What if you throw a party and no one comes? I think everyone has that fear, whether you’re throwing a keg party in the backyard or doing a book signing. I kept imagining reading from my book, The Rotten Adventures of Zachary Ruthless, with two or three employees of Barnes and Noble watching to be polite. One of them claps to make me feel better. The sound echoes through the empty store. In the back, the person behind the coffee counter burps. I buy a couple of books just to sell something, because I feel guilty. The store manager shakes her head out of pity.
So when B&N said they bought a couple of hundred books for my signing, I felt even more pressure. What were they thinking? Were they going to make me buy 195 of them myself?
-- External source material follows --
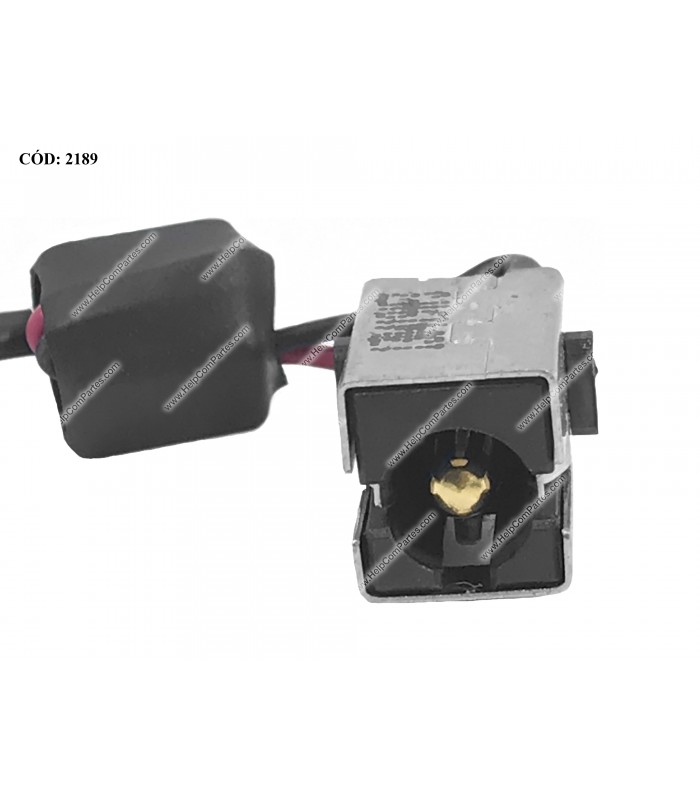 DC JACK POWER TOSHIBA SATELLITE NB500 NB505 SERIES +CABLE DC30100B100 ORIG.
So, it was a bit of relief to see about 40 kids sitting around my chair waiting for me to read my first chapter during my launch last week. The manager handed me a microphone, and I was off. It’s a big store, but I guess you could hear my voice throughout (the microphone was pretty loud). I’m glad I didn’t know that until later.
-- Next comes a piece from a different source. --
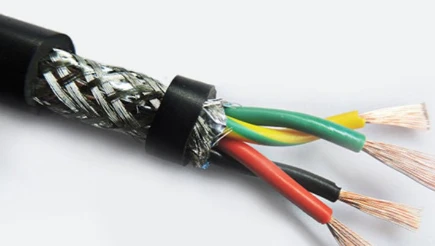 What are the main aspects in which shielded cables resist external interference?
Kids, of course are a great audience. They gave me their best evil laughs, and a boy named Jacob did a great hiccupping hyena-laugh for us (you’ll have to read the book to know how that fits into the story). And I don’t think I mispronounced any words. I tend to be a serial mispronouncer, so this was a big accomplishment even though I practiced reading the chapter 46 times at home.
Then I sat behind a desk with a big bowl of gummy tarantulas, gummy internal organs, gummy blood, and gumball eyeballs … all perfectly evil in keeping with the evilness of my book. Barnes & Noble assigned numbers to people wanting me to sign, so they announced over the loudspeakers, “People with numbers 15-30, please get in line for Allan Woodrow’s autograph,” etc. Pretty surreal, actually. It took about 80 minutes to get through everyone’s books.
Then I was home, no longer a big time author person but someone who had to clean the fish tank. The goldfish don’t care I have a book, apparently. But neither will anyone else unless I write another one just as good.
Signing is over. Time to go back to work.